Statistical significance testing of motifs
It is possible that the identified motifs occur very commonly in the human proteome and are not necessarily related to the phosphorylation event. To test whether the motifs were enriched in the known phosphopeptide dataset, we undertook a statistical validation approach where the relative risk of the each motif was calculated (see materials and methods). Though relative risk>1 indicates a good association between the motif and phosphorylation events, we had chosen a higher threshold of relative risk>5 as significant. Statistical significance was next computed by comparing the relative risk for the candidate motif to a motif-specific null distribution of relative risk obtained by substituting all combinations of amino acids for those that define the motif. Distribution curves for select predicted phosphotyrosine motifs are shown in Figure 3A-3C and for phosphoserine/threonine motifs in Figure 3D-3F.
Figure 3: Distribution curves of select predicted novel phosphotyrosine (A-C) and phosphoserine/threonine (D-F) motifs. The X in red represents the relative risk for the motifs and the area under the curve to the left of X represents the number of permuted sequences with relative risk lesser than the motif under study. The phosphorylated residues are shown in red (pY) or blue (pS/pT).
The distribution curves for known phosphotyrosine and phosphoserine/threonine motifs with statistically significant p-values are represented in Figure 4. These motifs also show better relative risk than their permuted motif sequences. The distribution curves for the known and novel phosphotyrosine motifs that are not statistically significant are shown in Figure 5. In these figures, it can be observed that the majority of permuted motifs have relative risk greater than that of the candidate motif presenting statistically insignificant p-values, indicating that these motifs could have occurred by chance. The distribution curves for the known and novel phosphoserine/threonine motifs with statistically insignificant p-values are represented in Figure 6. These data illustrate the following points:
Figure 4: Distribution curves of select known phosphotyrosine (A-C) and phosphoserine/threonine (D-F) motifs. The X in red represents the relative risk for the motifs and the area under the curve to the left of X represents the number of permuted sequences with relative risk lesser than the motif under study. The phosphorylated residues are shown in red (pY) or blue (pS/pT).

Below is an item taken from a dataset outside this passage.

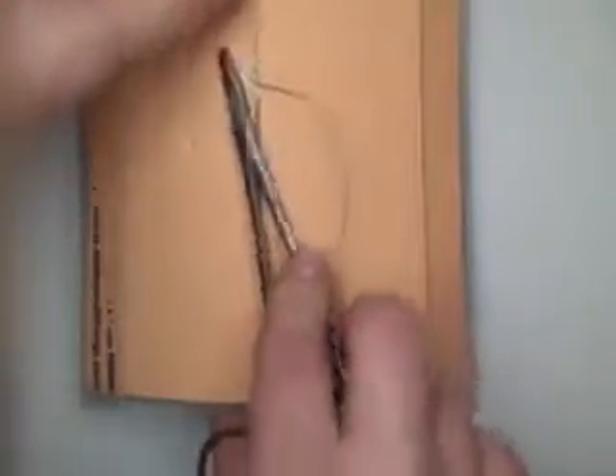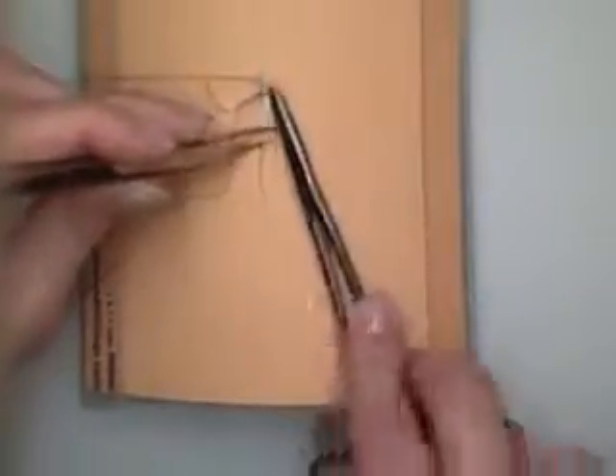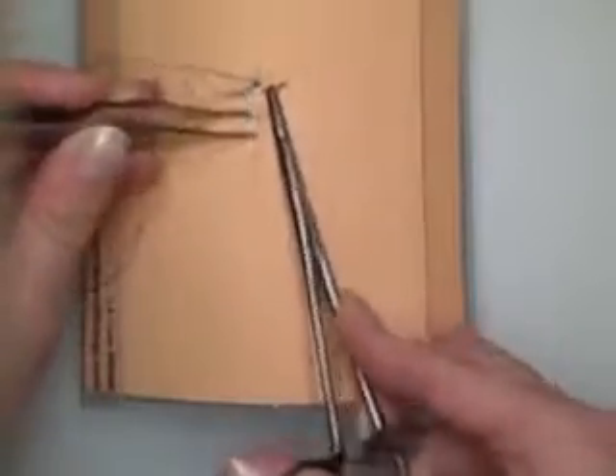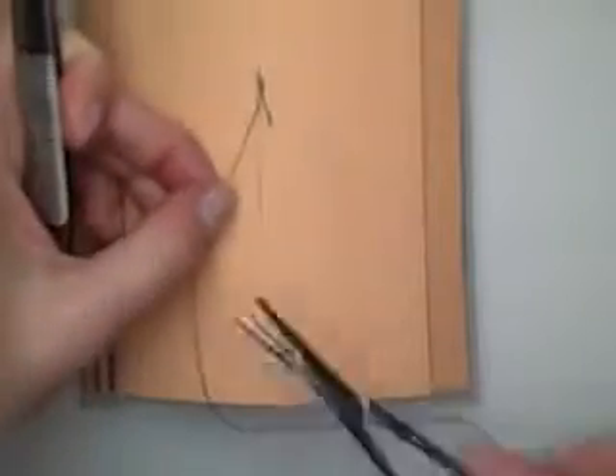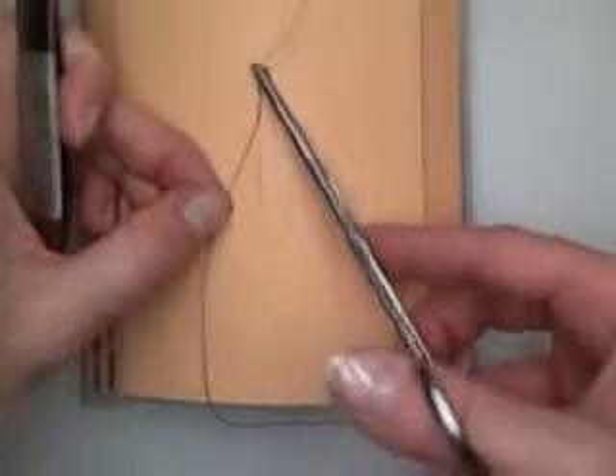So you can see coming out right below the skin. We're going to reload our needle. And this is a continuous stitch. We're taking a bite, but we're not touching the top of the skin edge, and we're also not going to touch the fat.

Figure 5: Distribution curves of known (A-C) and novel (D-F) phosphotyrosine motifs with insignificant p-values. The X in red represents the relative risk value for the motif, and the area under the curve to the left of X represents the number of permuted sequences with relative risk lesser than the motif under study.

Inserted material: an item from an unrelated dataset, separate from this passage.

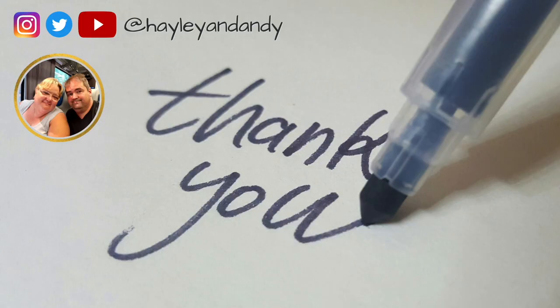Thanks for watching. If you have any questions, please feel free to leave a comment. We do appreciate any likes, and of course it's always free to subscribe to our YouTube channel. Thanks again, and we do hope to see you soon. Bye!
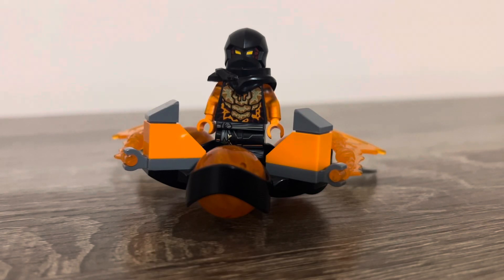Hey guys, Northwest Shiros here, and in today's video I have made my own custom Cole's Dragon Power Cole Spinjitzu Smash. So yeah, let's get on with today's video.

Figure 6: Distribution curves of known (A-C) and novel (D-F) phosphoserine/threonine motifs with insignificant p-values. The X in red represents the relative risk value for the motif, and the area under the curve to the left of X represents the number of permuted sequences with relative risk lesser than the motif under study.
(1) The definition of a phosphorylation motif is not defined statistically, although they can indeed be tested for significance using statistical methods. A case in point is the motif, p[S/T]XX[D/E], a well known CKII substrate motif Meggio et al. [37], which has been shown to be biologically relevant although it is statistically insignificant (Figure 6B). In any case, 3 motifs related to this motif, (pS[D/E]X[D/E][D/E], p[S/T][D/E]S[D/E] and [D/E][D/E]p[S/T] X[D/E]), were identified in our analysis which were all statistically significant (Table 2). Another example of a statistically insignificant motif (Figure 6C) is the well known protein kinase C substrate motif p[S/T]X[R/K], which is optimal for phosphorylation of its substrates [38,39]. Again, 3 similar motifs identified from our analysis (PXpSPX[R/K], p[S/T]PZX[R/K], p[S/T]P[R/K][N/Q]) were statistically significant (Table 2).
(2) The converse situation, i.e. if a motif is statistically enriched then its chances being a biologically relevant motif is likely, although there is no reason to believe that this must always be the case.
(3) It is possible that as additional phosphorylation sites are identified in the future, some of the motifs that do not currently reach statistical significance might become significant.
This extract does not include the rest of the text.